Think Twice Before Donating Stock

Q: My daughter’s school is holding a major fund-raising campaign and I am thinking of donating 50 shares of stock I hold in a utility company instead of giving cash. This type of donation strikes me on the surface as a smart move, since I would be credited for making a donation of the full fair market value of the stock but would only have an out-of-pocket expense of my initial cost of the shares. Can you evaluate the wisdom of my reasoning and tell me how I might actually execute such a donation? --L. M. C.

A: What you say is true, but it is hardly the whole story. Indeed, your our-of-pocket expense is only what you paid for the shares, and that could be considerably less than their current value.

However, our advisers urge you to think more of what the shares are worth now--and what they could be worth in the future--than what they were worth at some point in time long since passed. By focusing on the past, you could be ignoring the potential of these shares to continue appreciating in value.
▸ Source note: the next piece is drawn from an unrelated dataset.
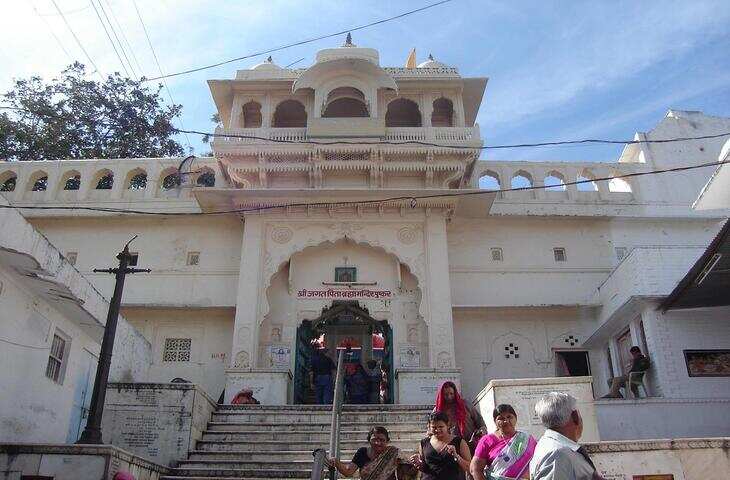 पुष्कर का इतिहास और मान्यता: विश्व में ब्रह्मा जी का प्रसिद्ध मंदिर, जहां आज भी गूंजता है सृष्टि रचयिता का नाम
Our advisers say the best candidates for donation to charity are shares whose value appears stagnant.

Making the donation is an easy matter. Simply sign the stock certificate over to the charity. For tax purposes, your donation is valued at the fair market value of the shares on the date of the gift. You are allowed a deduction for the full value of the charitable contribution on your income taxes.

However, be advised that you must declare as taxable income any amount the shares appreciated in value above your initial purchase price. In case you were thinking you got a free ride, you are not entitled to a deduction for a contribution of untaxed appreciated assets.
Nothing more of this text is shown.